We believe that parent support is crucial to the development of future global leaders. Below are some tips parents can use to foster global awareness and cultural acceptance for kids of all ages (Resource)


Tips for . . .
  • all parents
    • Foster your child's relationship with students in Kenya, Africa by co-sponsoring a student's education with other interested familes. A gift of $75 per year with nine other families can cover a child's education for one year. This relationship and knowing that your child helped impact change in the life of a student and an entire community can last forever. Click here to make a donation.
    • Environmental issues can be great teaching opportunities. From being intentional about family recycling habits to participating in neighborhood clean-up projects, kids of all ages can play their part in showing respect for our world.
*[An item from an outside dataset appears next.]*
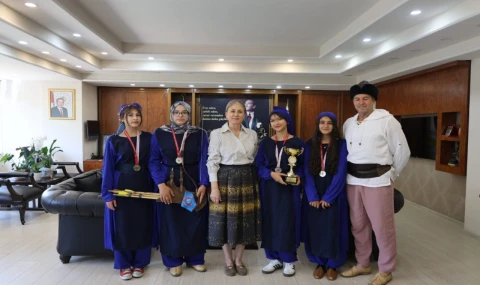 TÜRKİYE İKİNCİSİ ŞAMPİYON TAKIMDAN KAYMAKAM KÜPELİ KAN’A ZİYARET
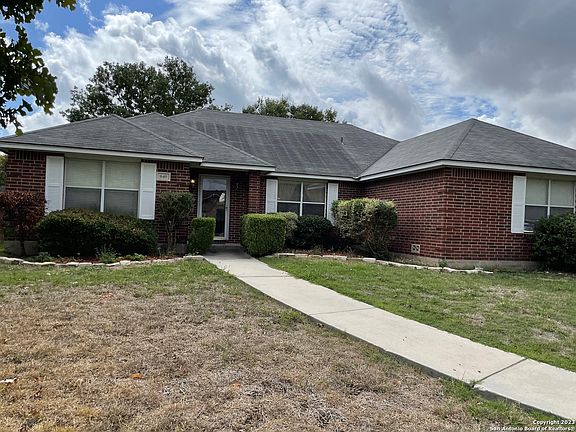 2nd image of 849 Crown Circle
    • Visit the Southern Poverty Law Center’s Tolerance.org Web site for parenting information on a number of topics, including diversity awareness and cross-cultural tolerance.
    • Service projects that the whole family can do together teach planning skills (What do we do?), empathy (Who needs this and why?), teamwork, and empowerment (reflect on how the completed project made you feel)
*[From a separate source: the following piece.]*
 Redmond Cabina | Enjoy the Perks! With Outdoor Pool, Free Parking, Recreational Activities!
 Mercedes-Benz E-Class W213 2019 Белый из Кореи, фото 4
  • parents with children ages birth to 5
    • When your kids complain, “That’s not fair!” ask, “What can we do to make things more fair?” Talk about how the terms “fair” and “equal” don’t usually mean “exactly the same.”
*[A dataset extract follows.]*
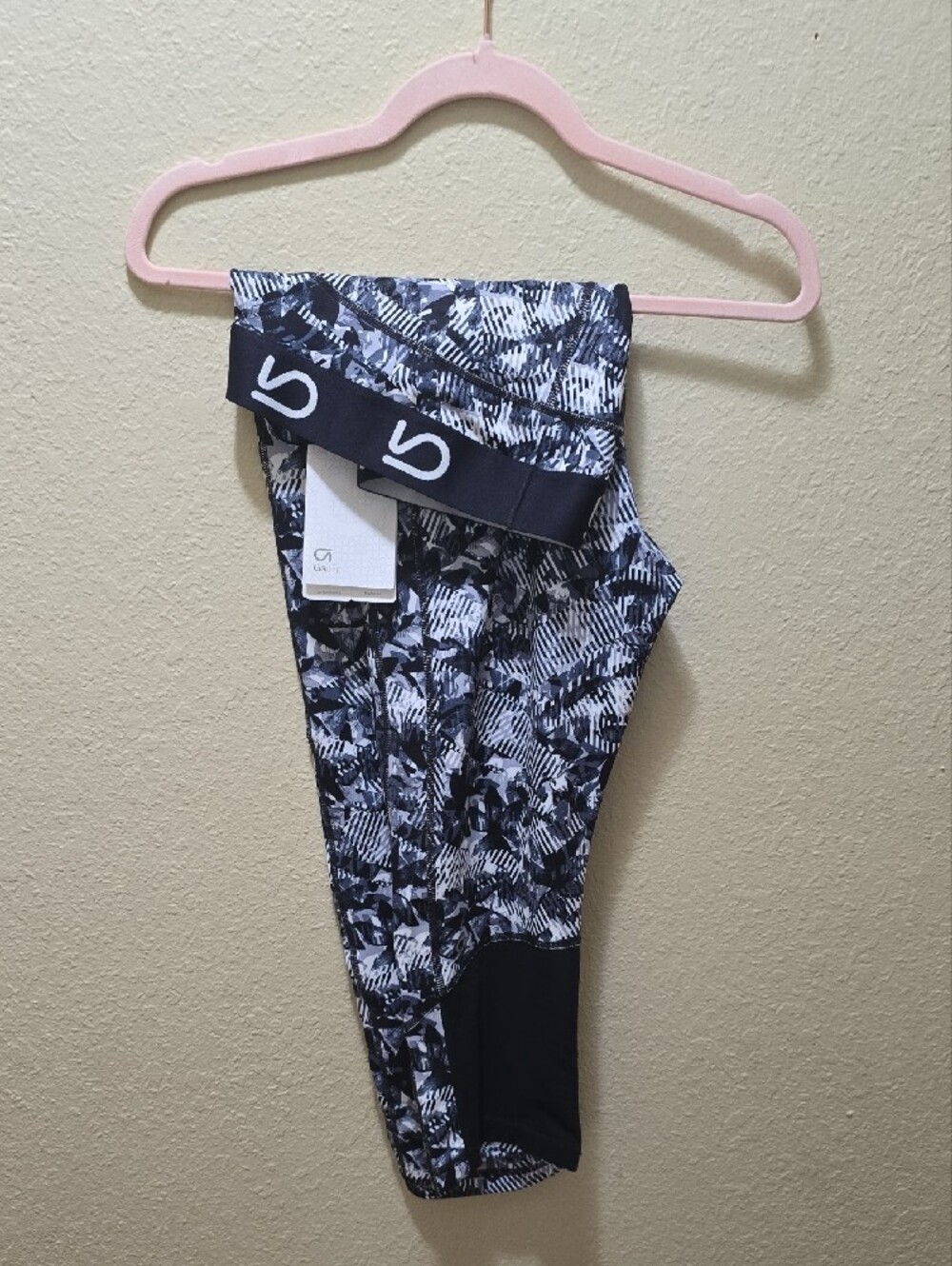 ​NWT GapFit High-Rise Black & White Graphic Print Workout Leggings Size XL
    • Watch TV shows or play games together that have messages about different cultures and countries. Talk about them afterwards.
    • Talk with children about how people live in different types of homes, have different skin colors, types of jobs, family configurations, and so on. Keep books and toys on hand that reflect this diversity, making “differences” familiar.
  • parents with children ages 6 to 9
    • Help your child develop a deeply rooted sense of identity so that she or he is confident and feels a sense of self-worth. Celebrate important cultural history dates, rituals, and traditions in your family, and talk about their importance.
    • Model respect for others, including those whom you might envy or feel sorry for. Remember (and stress to your children) that you can never know exactly what it feels like to live someone else’s life, but you can treat that person the way you want to be treated.
    • If possible, venture outside your own community to experience how other people live. This might mean having lunch in a neighboring town, taking a road trip to a different geographic area, or even traveling or living internationally. Whatever your means, make it a point to show your children that there are lots of different ways of living in the world.
  • parents with children ages 10 to 15
    • Encourage your children to explore the world through books, the Internet, travel opportunities, and cross-cultural experiences with friends. Help them seek out the resources they need to do this.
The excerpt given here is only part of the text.